After making our way to the big house, we toured the mansion with a very knowledgeable guide before descending into the basement for a self-guided tour.  This area was largely the staging ground for what happened upstairs and was the exclusive domain of Monticello’s enslaved population.  It contained the kitchen area, wine cellar, beer storage, ice house and more.

Before making our way back down the hill we toured Mulberry Row, which was largely made up of the cabins for the slaves, and viewed the garden area.  After a much needed break at the visitor’s center, we viewed the African-American burial ground which was located literally in the middle of the parking lot of the visitor’s center – from removed from the burial ground for Jefferson and his descendants.

Next up: the plan for Monday was to see some Civil War sites in Lexington before making tracks for Harper’s Ferry in West Virginia, but the National Weather Service just posted a winter storm warning for the Shenandoah Valley, which might receive 3-8 inches of heavy wet snow, which may alter our plans.  Stay tuned.

2018 Gettysburg Campaign underway


Club president Bobby Washington gives the order to fire.

GETTYSBURG – The 2018 GCC History Club Spring trip is underway!  We arrived in Gettysburg, glad to flee from the blanket of snow being dropped at home.

This morning the gang hit the battlefield, not exactly at dawn.  Sadly, the weather the North and South encountered in July 1863 did not brighten our prospects for a fine day.  Still, it was sunny and would climb to the mid-forties by the afternoon – no snow encountered anywhere on the field.

We began the day, appropriately, to the west of town along the Chambersburg Pike and discussed the circumstances surrounding the beginning of the encounter at Gettysburg.  I noted as we passed Gen.
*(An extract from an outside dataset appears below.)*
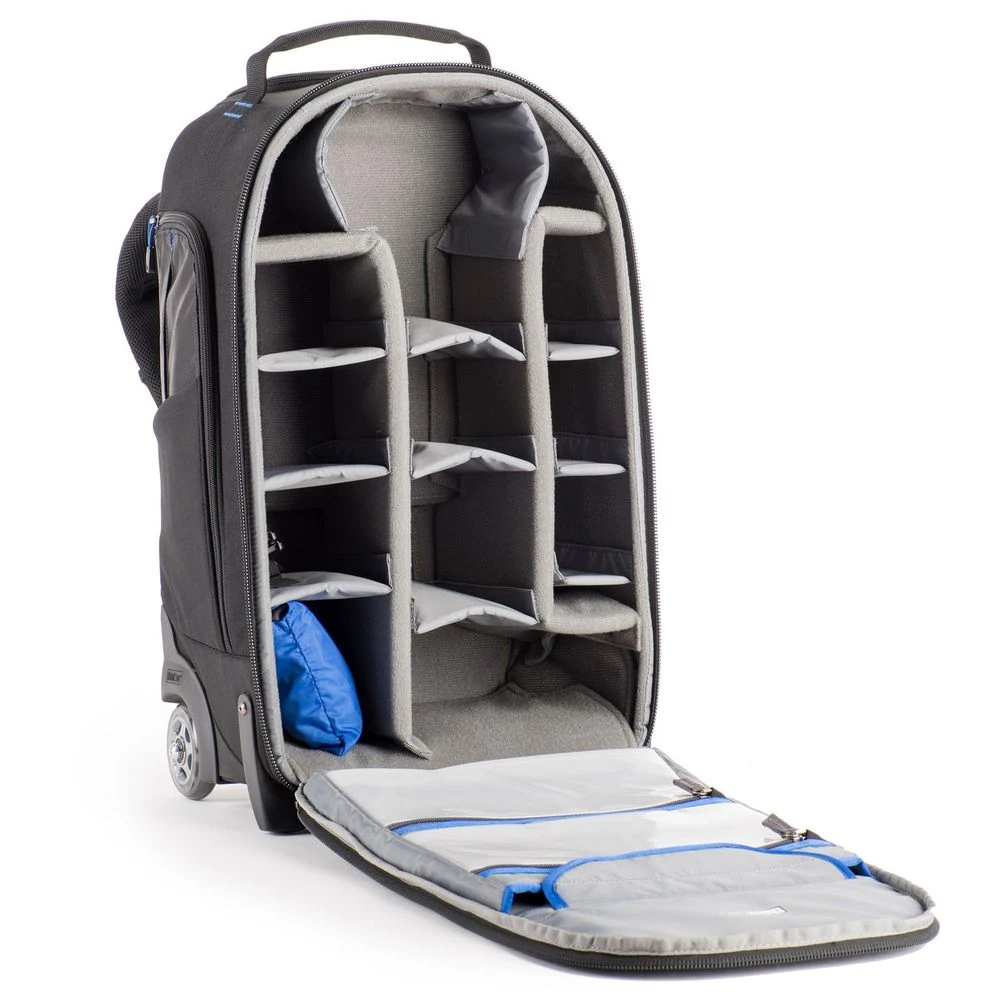 Think Tank Streetwalker Rolling Backpack V2.0 6 Think Tank Streetwalker Rolling Backpack V2.0 - Image 6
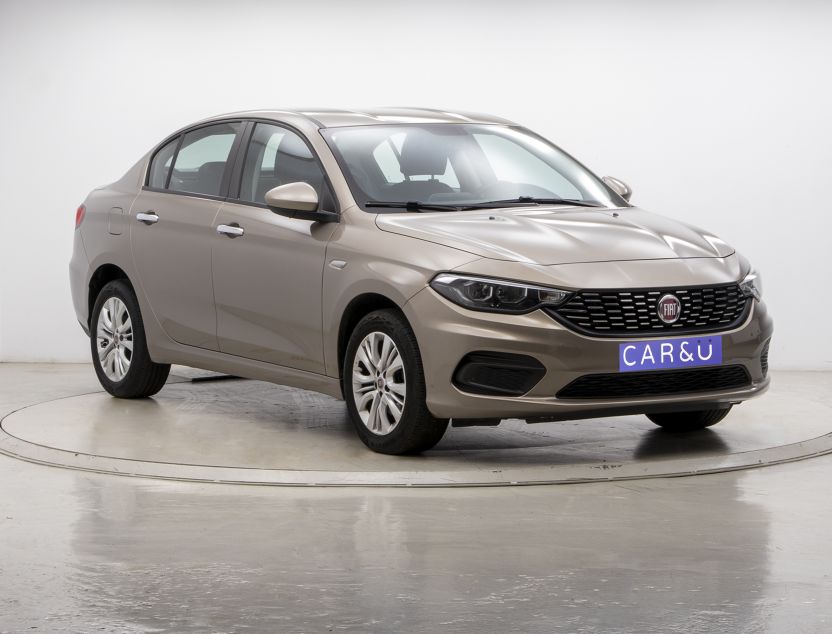 Exterior de Fiat Tipo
Lee’s HQ near Seminary Ridge that the hotel that long sat nearby was entirely gone and the ground restored so well that you would never know it had ever been there.

As the day progressed we visited the Confederate line along Seminary Ridge, the Round Tops, Devil’s Den, the Wheat field and Peach Orchard, and the center of the Union line near the Angle before giving in to the urge for sustenance.

After lunch our little band made a solemn visit to the National Cemetery and the Union position on Cemetery Hill.  By this time the crew was dragging and a cease-fire needed to be called.

Next up: we venture to Charlottesville, Virginia, tomorrow to pay our respects to Thomas Jefferson at Monticello.